= Beginning of Section =

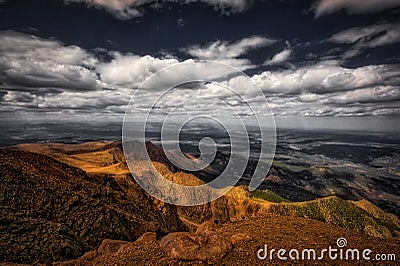 View from Atop Pikes Peak Stock Photo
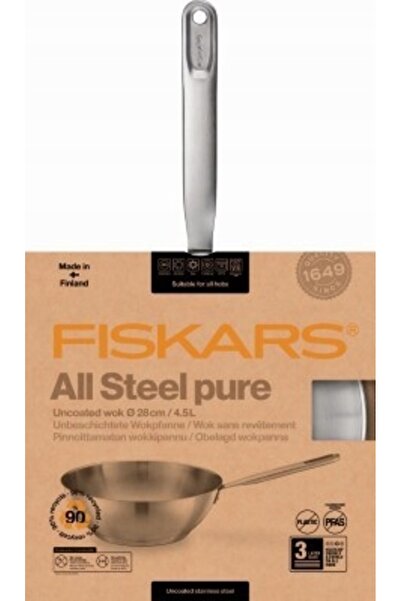 FiSKARS Tigaie WOK integral din oțel, 28 cm, din oțel inoxidabil, fără strat ...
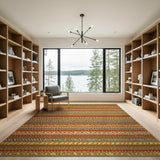 Vibrant Orange Striped Southwestern Rug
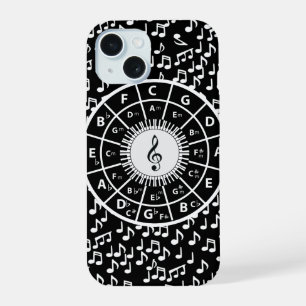 Coque iPhone 15 Conception de roue musicale contemporaine en noir
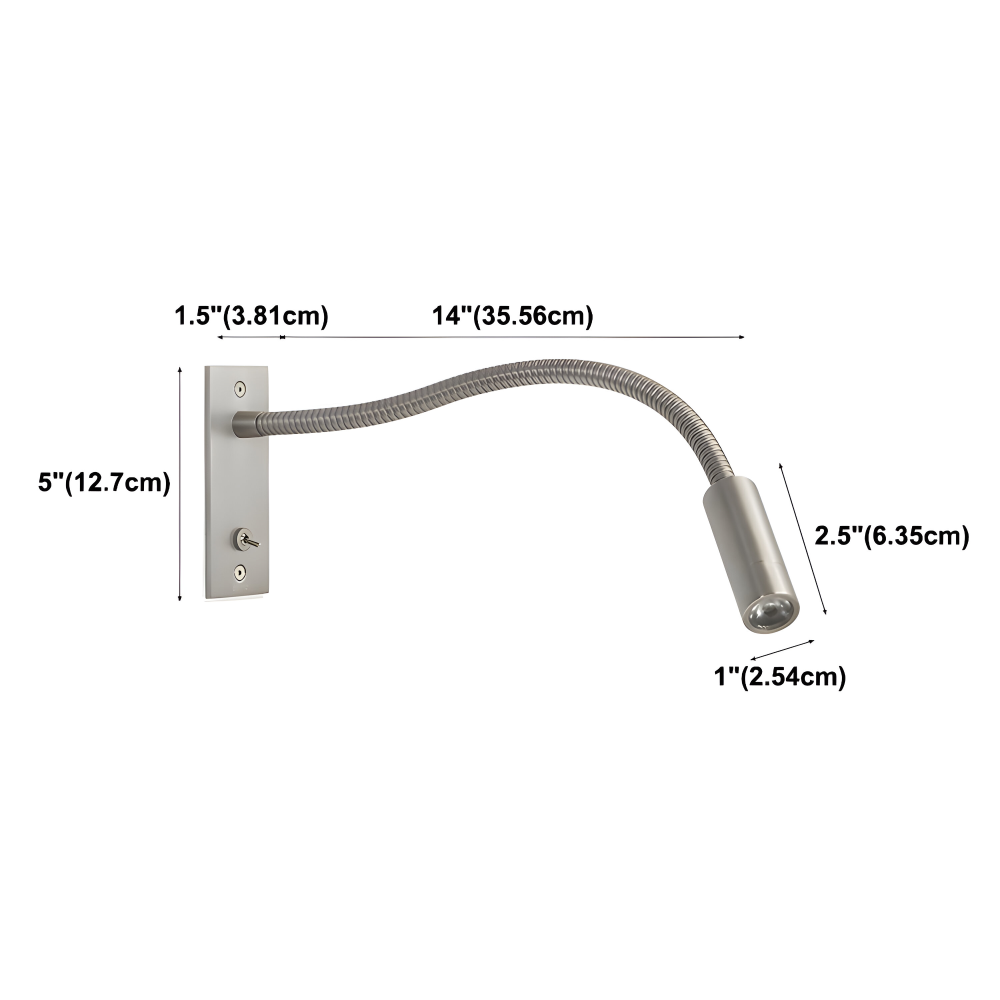 Verstellbare Wandleuchte mit Gebogenem Arm und Flexiblem Hals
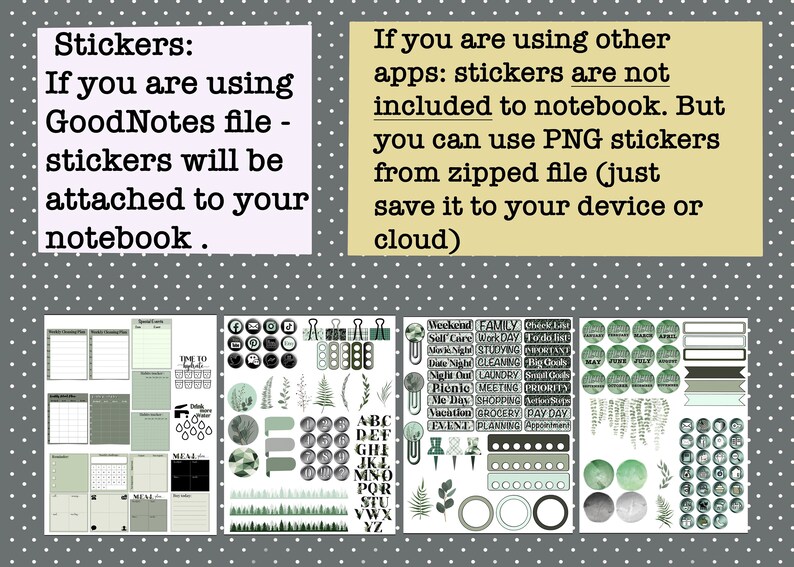 Goodnotes Stickers Digital Elements and Bonus Green Functional - Etsy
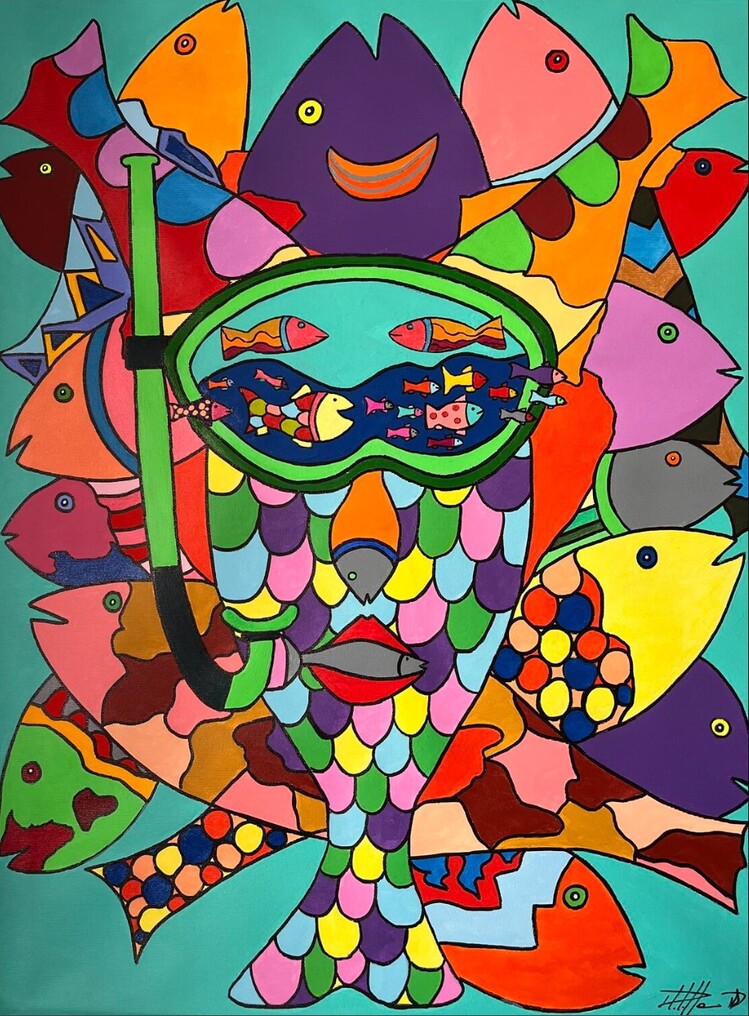  A18421052025 İki Su Arasında 2023 İspanya Tuval Üzerine Akrilik 80x60cm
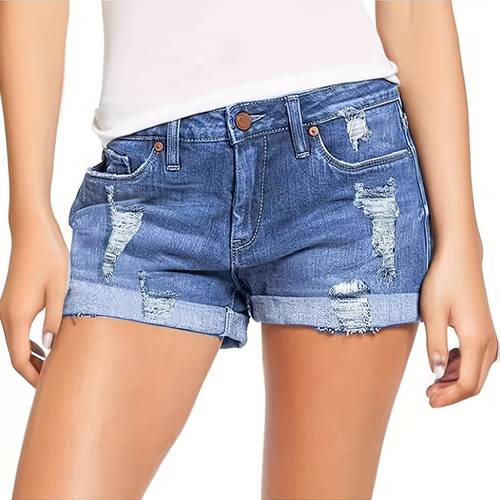 womens high waisted rolled hem distressed jeans ripped denim shorts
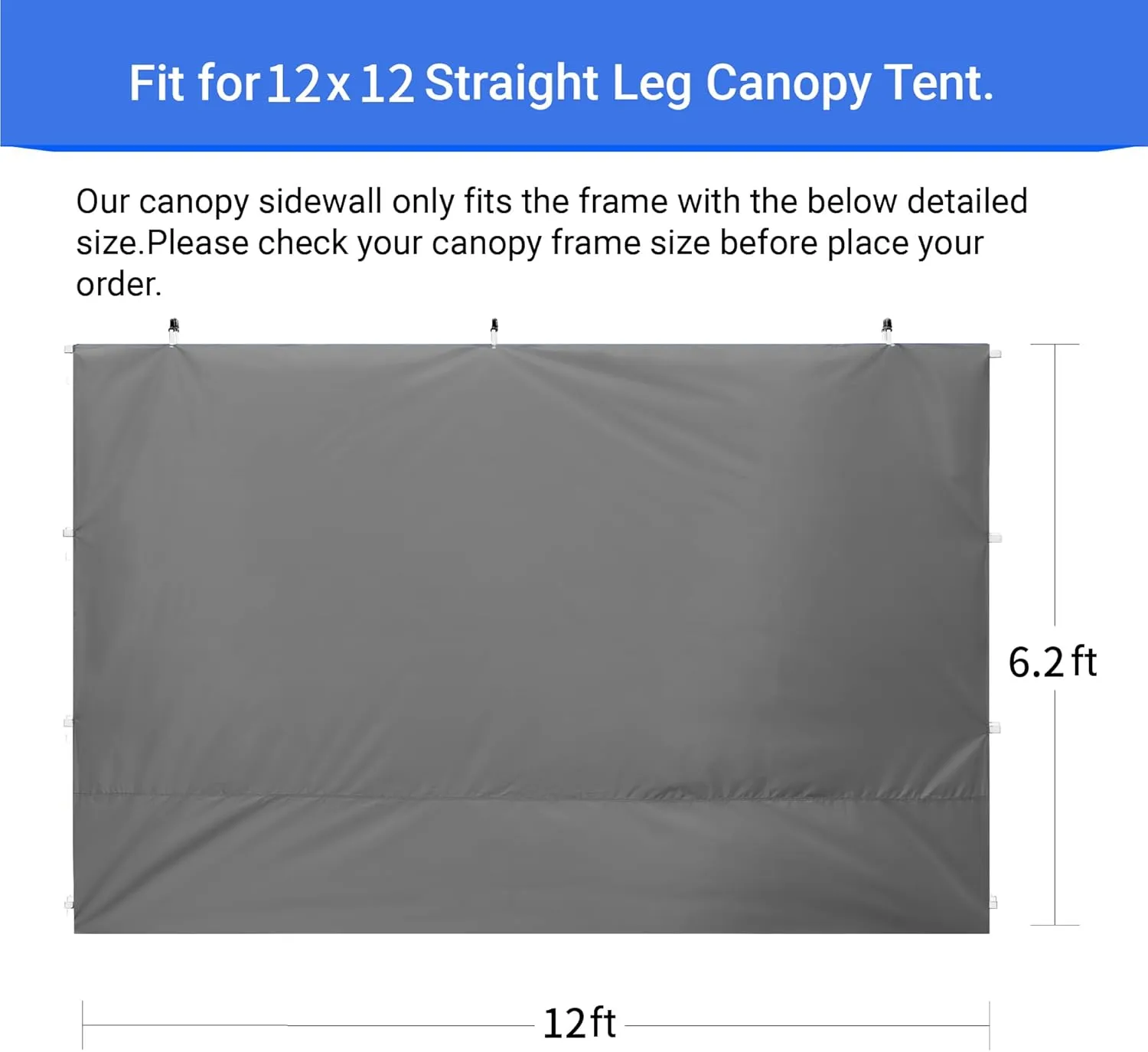 CROWN SHADES SunWall Silver Coated for 12x12 Pop up Canopy Tent, 1 Pack Sidewall Only with Silver Coating (1 Pack, Grey)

= End of Section =

Instructions for the task:
Set the pictures aside and restate word for word only the lines from the line containing "FiSKARS Tigaie WOK" through the end of the entries above, both included.

Written answer:
 FiSKARS Tigaie WOK integral din oțel, 28 cm, din oțel inoxidabil, fără strat ...
 Vibrant Orange Striped Southwestern Rug
 Coque iPhone 15 Conception de roue musicale contemporaine en noir
 Verstellbare Wandleuchte mit Gebogenem Arm und Flexiblem Hals
 Goodnotes Stickers Digital Elements and Bonus Green Functional - Etsy
  A18421052025 İki Su Arasında 2023 İspanya Tuval Üzerine Akrilik 80x60cm
 womens high waisted rolled hem distressed jeans ripped denim shorts
 CROWN SHADES SunWall Silver Coated for 12x12 Pop up Canopy Tent, 1 Pack Sidewall Only with Silver Coating (1 Pack, Grey)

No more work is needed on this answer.